# Coding Reports (MedDRA / WHO) — Aggregation & Qualification (Phase 1)

## Goal
Load Coding Reports (MedDRA / WHO) across all studies, normalize schemas,
perform initial structural checks, and prepare for canonical aggregation
to subject/site level.


In [1]:
# imports
import pandas as pd
import numpy as np
from pathlib import Path

pd.set_option("display.max_columns", 200)
pd.set_option("display.width", 140)

DATA_DIR = Path("../data")
INTERMEDIATE_DIR = DATA_DIR / "intermediate"

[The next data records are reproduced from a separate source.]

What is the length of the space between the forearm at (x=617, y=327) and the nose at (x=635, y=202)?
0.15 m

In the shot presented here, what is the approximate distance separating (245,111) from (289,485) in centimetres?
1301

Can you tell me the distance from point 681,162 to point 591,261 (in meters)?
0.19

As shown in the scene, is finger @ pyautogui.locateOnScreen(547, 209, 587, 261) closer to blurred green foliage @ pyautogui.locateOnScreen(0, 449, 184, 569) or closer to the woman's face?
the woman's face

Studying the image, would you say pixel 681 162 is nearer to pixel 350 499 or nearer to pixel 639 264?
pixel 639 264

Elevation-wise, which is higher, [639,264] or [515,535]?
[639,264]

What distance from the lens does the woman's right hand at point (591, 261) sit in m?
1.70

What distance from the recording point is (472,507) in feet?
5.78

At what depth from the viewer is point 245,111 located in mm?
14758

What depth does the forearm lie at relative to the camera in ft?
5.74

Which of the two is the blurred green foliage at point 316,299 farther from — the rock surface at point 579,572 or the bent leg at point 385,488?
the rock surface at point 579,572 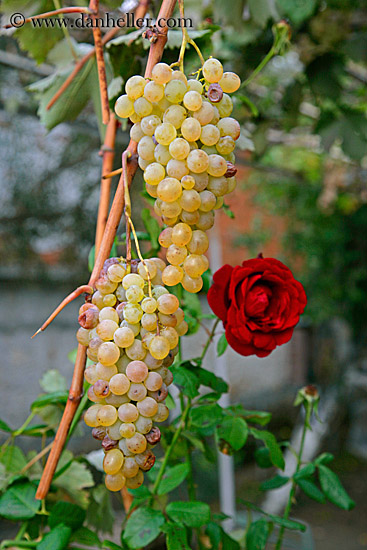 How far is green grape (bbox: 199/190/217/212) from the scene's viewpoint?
28 cm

inventory = pd.read_csv(INTERMEDIATE_DIR / "file_inventory.csv")


In [3]:
# Load Coding Report files (MedDRA / WHO)
coding_files = inventory[
    inventory.file_type == "meddra"
]["file_path"]

assert len(coding_files) > 0, "No Coding Report files found"

dfs = []

for f in coding_files:
    f = Path(f)
    assert f.exists(), f"File not found: {f}"

    df = pd.read_excel(f)
    df["source_file"] = f.name
    dfs.append(df)

coding_master = pd.concat(dfs, ignore_index=True)

assert coding_master.shape[0] > 0, "Coding master dataframe is empty"

coding_master.head()


  coding_master = pd.concat(dfs, ignore_index=True)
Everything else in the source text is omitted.